[Start of Attachment]
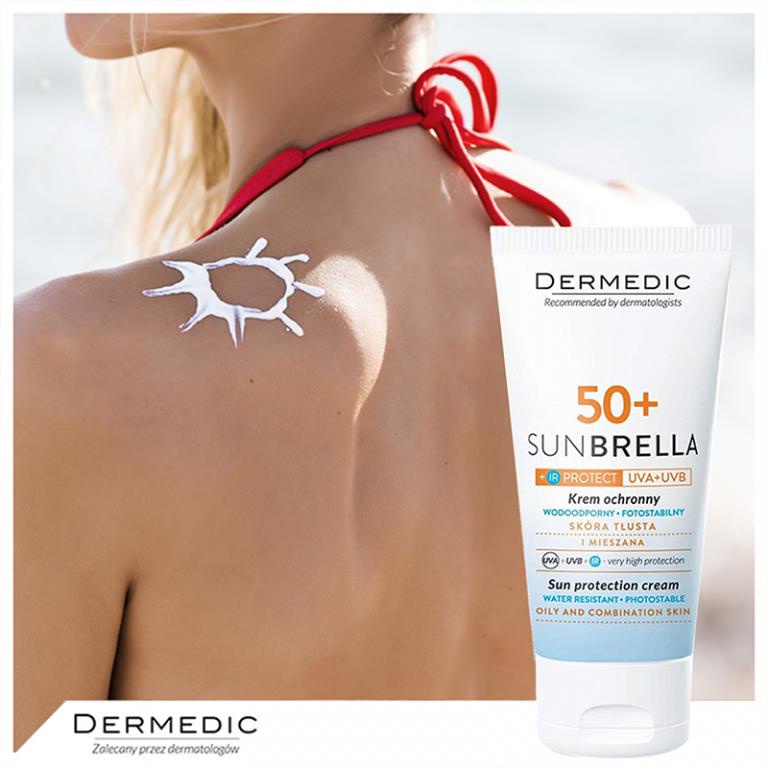 Kem Chống Nắng Da Dầu DERMEDIC SUNBRELLA Sun Protection Cream Oily and Combination Skin SPF 50+ 50g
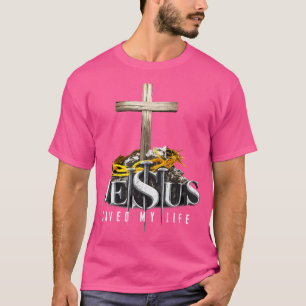 T-shirt Jésus a sauvé ma vie Dieu chrétien foi religieuse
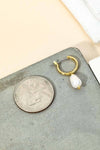 Mini Pearl Drop Huggie Earrings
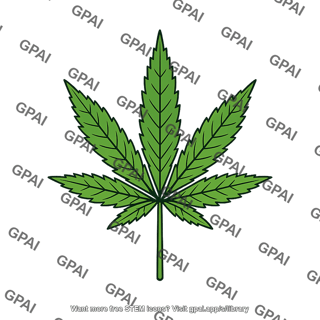 Marijuana leaf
[End of Attachment]
Reproduce the entire listing exactly, except for any pictures it contains.

 Kem Chống Nắng Da Dầu DERMEDIC SUNBRELLA Sun Protection Cream Oily and Combination Skin SPF 50+ 50g
 T-shirt Jésus a sauvé ma vie Dieu chrétien foi religieuse
 Mini Pearl Drop Huggie Earrings
 Marijuana leaf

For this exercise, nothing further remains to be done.